(Source material begins)
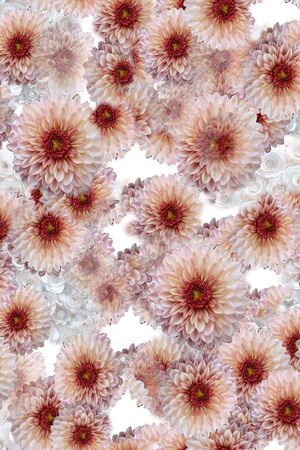 colorfull印花华亿平台图片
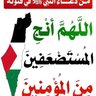 محمد's profile picture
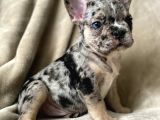 French Bulldog Blue Merle Dişi Erkek Exotic Yavrularımız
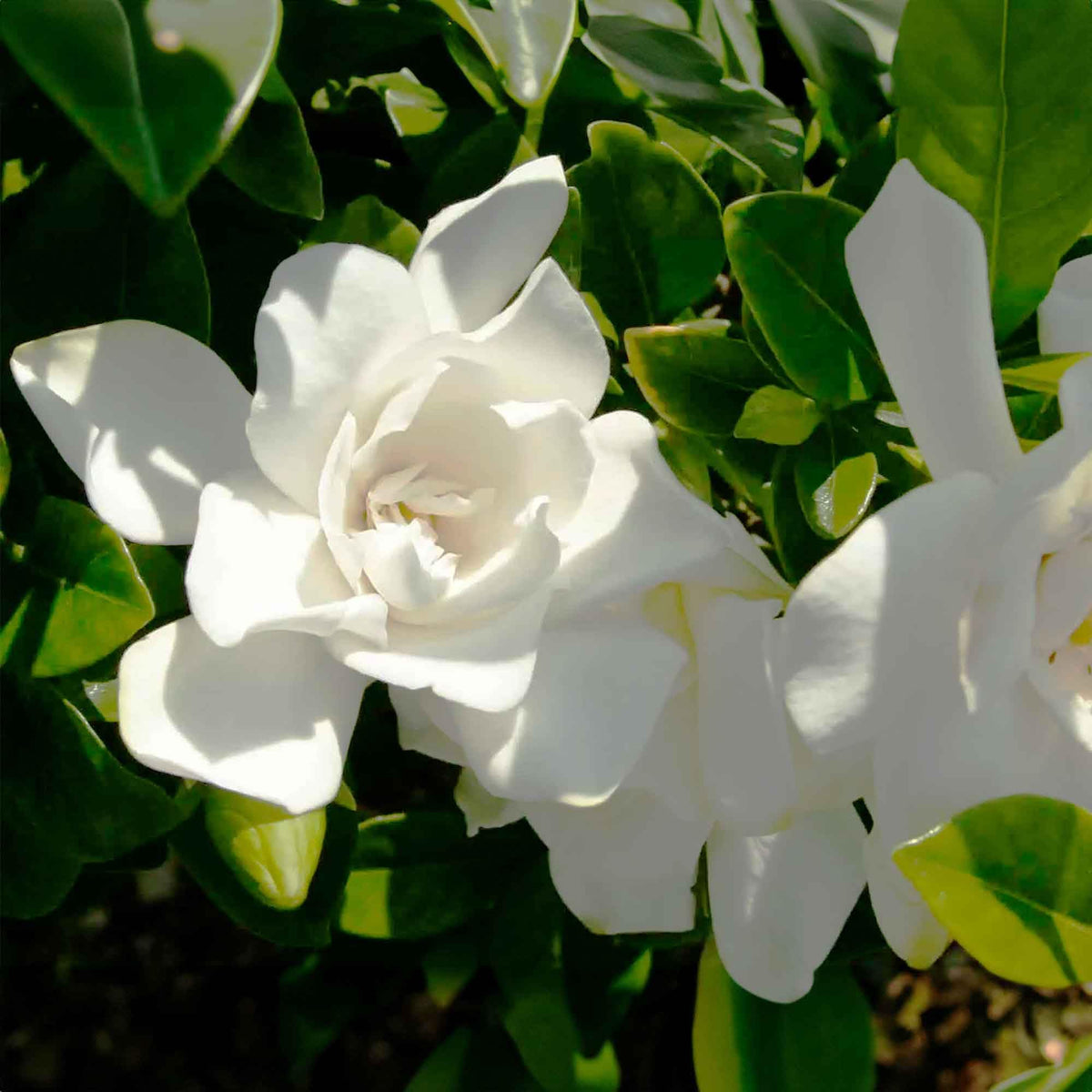 Gardenia Live Plant 1 Gallon E724137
(Source material ends)
> [Exercise details]:
Your task is to repeat the data above exactly while excluding the pictures.

> [Answer for the task]:
 colorfull印花华亿平台图片
 محمد's profile picture
 French Bulldog Blue Merle Dişi Erkek Exotic Yavrularımız
 Gardenia Live Plant 1 Gallon E724137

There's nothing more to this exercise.